An oddity in the mostly gentle and humor-free ouvre of S & G, this song serves as both great parody and social commentary. The former takes aim at Bob Dylan, who at the time was Paul Simon's chief folk-poet rival (and who would undoubtedly but unfairly receive more serious analysis). So here Simon proves he can do Dylan. The music is organ-tambourine-harmonica driven in the obvious style of Mr.Zimmerman. The title too seems to be a swipe at Dylan's thesaurus-searching style. Translated it means "a random verbal insult."
The lyrics even reference Dylan twice, once condemning someone for confusing Bob Dylan with Dylan Thomas and again in the stolen combo line: "It's alright ma, everybody must get stoned!"

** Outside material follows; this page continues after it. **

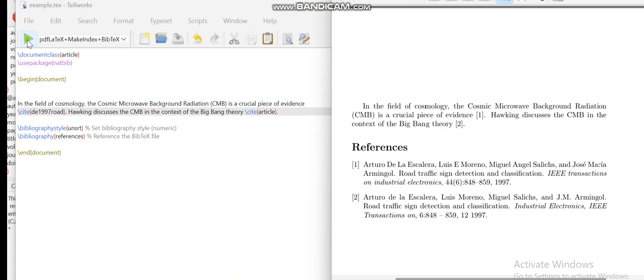Hence you can say you have generated the references in order. The first one is numbered with one and the second one is numbered as two. If you have any questions, then drop your questions in the comment section. Thank you for watching.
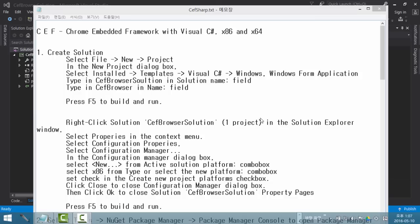Hi, my name is Tomas Kim. Today I am going to explain how to use Chrome Embedded Framework, or it is called CEF. CEF with Visual C-Sharp.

In terms of social commentary, the lyrics turn many of the leading proper nouns of the current youth culture into verbs, including The Beatles, Mick Jagger, Phil Spector, Andy Warhol, Ayn Rand, Lenny Bruce, and even Art Garfunkel. The narrator seems almost put-out to have to pretend to either admire or loathe all of these people. It really hits at the essence of hipsterdom
I must say that though I like this song very much, I like it even more because of where it's placed on the album, right between two great sensitive songs, Flowers Never Bend With The Rainfall and For Emily, Wherever I May Find Her. It really breaks the mood, provides a laugh, and best of all, uses Dylan's own tricks against him! (Dylan fired back by covering The Boxer on his worst album, Self-Portrait.)
Album: Parsley, Sage, Rosemary and Thyme (1966)
Fave Moment: The outro, where Simon shouts "Folk Rock!" followed by "I lost my harmonica Albert."